I suppose this is really just meandering diatribe. But my point is that a lot of what goes on with gun ownership just seems weird to me. Even though I don’t think we live in an area where it’s really “necessary” to carry a gun, it’s certainly something I can understand. (If I were to work again in a place that sometimes had be closing a big cash-centric business, and walking out of the building at 1am by myself, I might give it some thought.) But I’m struggling to think of a reason I’d want it on display, other than to show off: I think it would freak out “innocent” people, get drunkards to lunge for it as a joke… But more importantly, if I carried a gun, I wouldn’t want anyone who might do me harm to know anything about it. And the Second Amendment doesn’t make me ‘want’ to go buy a gun in any way.

* I don’t know the citations off the top of my head, but I should point out that case law on cross-burning is stacked against what’s probably the most common use of cross-burning. Burning crosses, in and of itself, is legally permissible (as long as you get a fire permit?). But when it’s used as a threat (as the KKK seems fond of doing to black people), it’s quite clearly illegal. It’s really no different than arguing with your neighbor and saying, “I’m going to go back to my house, get my axe, and come murder you and your family.” Freedom of speech doesn’t protect against threats, and it makes no difference if the threat is implicit or explicit.

Breaking News

Has anyone else found “Breaking news” to be way out of hand? To me, “breaking news” is something major that’s just happened. When you hear breaking news, your jaw drops and you run into the next room and tell everyone. 9/11 was breaking news. A major earthquake is breaking news nearby, but not overall. (I have friends and family in California, but I don’t think many of the wildfires or earthquakes there are breaking news. Cause for concern to me, yes. But I wouldn’t call it breaking news on the East Coast.)

In addition to being major, it has to be, well, breaking news. What was breaking news on the noon broadcast of your news show isn’t breaking news when the news comes on at 5.

But the bar keeps getting lower and lower for “breaking news.” A car chase in the next state over? Breaking news. The weird Rockefeller guy? That was breaking news for days, if not weeks. So wasn’t the polygamist sect in Texas. None of it really seemed like “breaking news” to me, as much as fairly interesting stories.

So today, the bar got even lower with this:

Breaking News: CBSNews.com – Who Is Michelle Obama? – 1 hour ago

I suppose it could be breaking news if, for example, Michelle Obama had just been outed as the guy that Barack Obama had secretly fathered two children with, or if McCain had criticized Obama for suspiciously buying his (only) house with a mysterious “Michelle Obama” entity. But anyone who’s ever watched the news will recognize that Michelle Obama is Barack Obama’s wife.
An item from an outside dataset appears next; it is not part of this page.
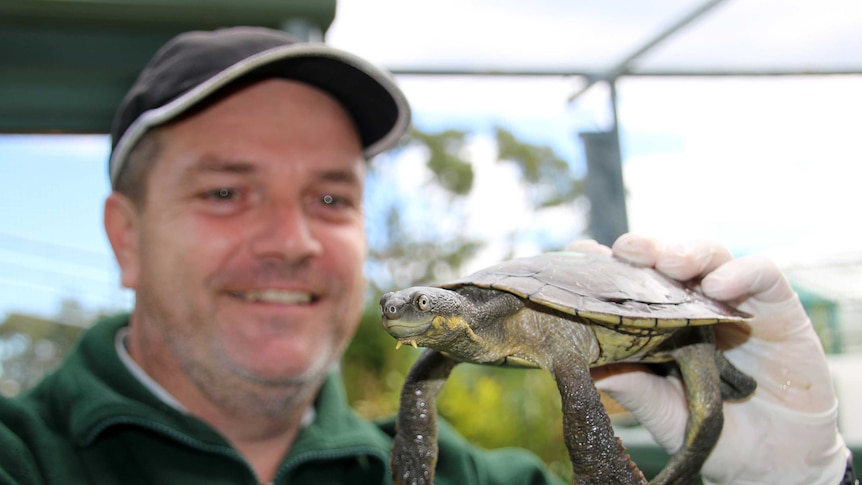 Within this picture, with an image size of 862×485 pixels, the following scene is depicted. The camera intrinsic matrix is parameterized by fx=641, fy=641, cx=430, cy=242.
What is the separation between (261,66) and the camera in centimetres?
159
She’s been on the campaign trail. She’s been on the news. In fact, unless you get your news from far-right attack machines, she’s not even a controversial figure. (And actually, none of those examples are really breaking news.)

The thing is, in addition to making me roll my eyes, and maybe discrediting the news a little further, I really think this type of thing, in the long run, is just going to make “Breaking News” lose its meaning. Breaking News isn’t something that happens every day.